Providers should consider a 15-minute waiting period for vaccine recipients following vaccination.
Cervical cancer screening recommendations have not changed for females who receive the HPV vaccine.
HPV vaccines are licensed for females and males through age 26 years. Vaccination would have the greatest benefit when administered to girls and boys, aged 11 or 12 years.
As in trials in younger women, a clinical trial of quadrivalent vaccine in women >26 years found the vaccine to be safe. This study also showed that the vaccine was effective in women without evidence of existing or past infection with HPV vaccine types. However, the study demonstrated limited or no protection against disease in the overall study population. Neither vaccine is licensed in the United States for use in women over the age of 26 years. Although women over age 26 years are not recommended to receive HPV vaccination, they should have cervical cancer screening as currently recommended.
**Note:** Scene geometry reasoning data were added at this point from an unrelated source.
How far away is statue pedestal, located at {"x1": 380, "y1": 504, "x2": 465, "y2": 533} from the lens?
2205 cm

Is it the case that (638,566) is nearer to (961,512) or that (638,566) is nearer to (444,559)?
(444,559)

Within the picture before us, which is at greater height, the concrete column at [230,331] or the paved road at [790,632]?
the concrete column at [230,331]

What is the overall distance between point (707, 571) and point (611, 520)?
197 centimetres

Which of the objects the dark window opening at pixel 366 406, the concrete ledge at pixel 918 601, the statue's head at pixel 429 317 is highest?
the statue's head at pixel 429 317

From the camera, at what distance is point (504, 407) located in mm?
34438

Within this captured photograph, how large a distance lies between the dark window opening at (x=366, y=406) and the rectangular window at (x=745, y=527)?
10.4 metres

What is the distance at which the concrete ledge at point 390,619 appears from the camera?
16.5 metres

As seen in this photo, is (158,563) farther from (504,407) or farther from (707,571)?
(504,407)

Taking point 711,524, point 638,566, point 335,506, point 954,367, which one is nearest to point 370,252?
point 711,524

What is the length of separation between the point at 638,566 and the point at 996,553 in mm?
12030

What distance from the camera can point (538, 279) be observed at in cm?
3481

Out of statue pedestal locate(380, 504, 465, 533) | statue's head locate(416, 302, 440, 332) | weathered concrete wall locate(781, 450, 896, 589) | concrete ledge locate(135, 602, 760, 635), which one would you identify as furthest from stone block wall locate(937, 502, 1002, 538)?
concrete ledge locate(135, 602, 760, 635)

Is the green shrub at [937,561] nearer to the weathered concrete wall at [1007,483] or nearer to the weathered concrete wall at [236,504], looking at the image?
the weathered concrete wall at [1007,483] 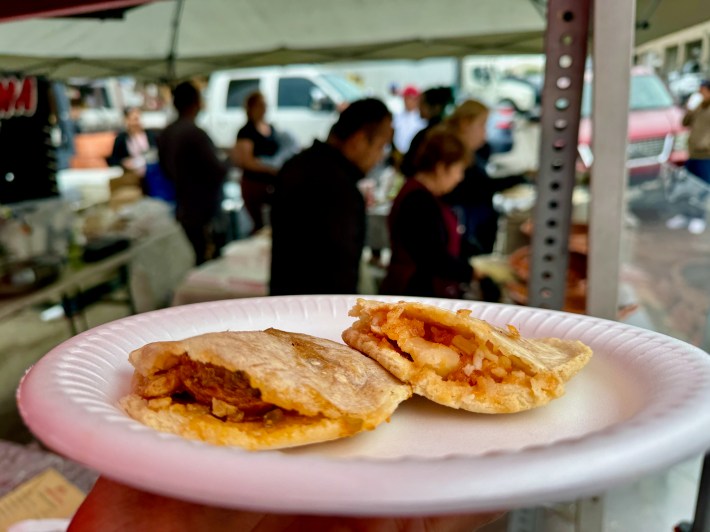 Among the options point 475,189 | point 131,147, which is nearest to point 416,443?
point 475,189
Covering the Cost of the Vaccine
The Vaccines for Children (VFC) program helps families of eligible children who might not otherwise have access to vaccines. The program provides vaccines at no cost to doctors who serve eligible children. Children younger than 19 years of age are eligible for VFC vaccines if they are Medicaid-eligible, American Indian, or Alaska Native or have no health insurance. "Underinsured" children who have health insurance that does not cover vaccination can receive VFC vaccines through Federally Qualified Health Centers or Rural Health Centers. Doctors can charge a fee to give each shot. However, VFC vaccines cannot be denied to an eligible child if a family can’t afford the fee.
State and private programs offering no- or low-cost vaccines may also be available for eligible persons. Contact your State Health Department to see if your state has such a program.
CDC and partners, including the American Academy of Pediatrics, recommend HPV vaccination of females and males at ages 11 or 12 years and suggest that clinicians strongly recommend HPV vaccination for preteens and teens who have not yet been fully vaccinated.
- It is important to get all 3 doses of HPV vaccine to get the full benefits.
- Vaccinated females will still need regular cervical cancer screening, beginning by age 21, since vaccination will protect against most, but not all, of the HPV types that cause cervical cancer.
- All vaccinated patients should continue to practice abstinence or protective sexual behaviors (i.e., condom use), since the vaccine will not prevent other sexually transmitted infections. Although condoms may not fully protect against HPV, they may lower one’s chances of getting HPV and developing HPV-related diseases, when used all the time and the right way. They can also lower their chances of getting HPV by being in a mutually faithful relationship with someone who has had no or few sex partners, or by limiting their number of sex partners.
CDC has developed several other resources, which vaccine providers may find useful for educating and counseling parents and young adult patients. Cervical cancer once claimed the lives of more American women than any other type of cancer. But over the last 40 years, widespread cervical cancer screening using the Pap test and treatment of pre-cancerous cervical abnormalities have resulted in a marked reduction in cervical cancer incidence and mortality in the U.S. New technologies, such as liquid-based cytology and HPV DNA tests, are now commercially available and licensed for use in women for cervical cancer screening and management. As many as 82% of women in the United States report receiving a Pap test within the last 3 years.
Despite these advances, U.S. screening programs are not reaching all women in the United States. It is estimated that half of the women diagnosed with cervical cancer have never been screened for cervical cancer, and an additional 10% have not been screened in the previous 5 years. Cervical cancer disproportionately affects women of lower socioeconomic status, without regular access to health care, who are uninsured, and who are recent immigrants. These populations stand to benefit most from HPV vaccination.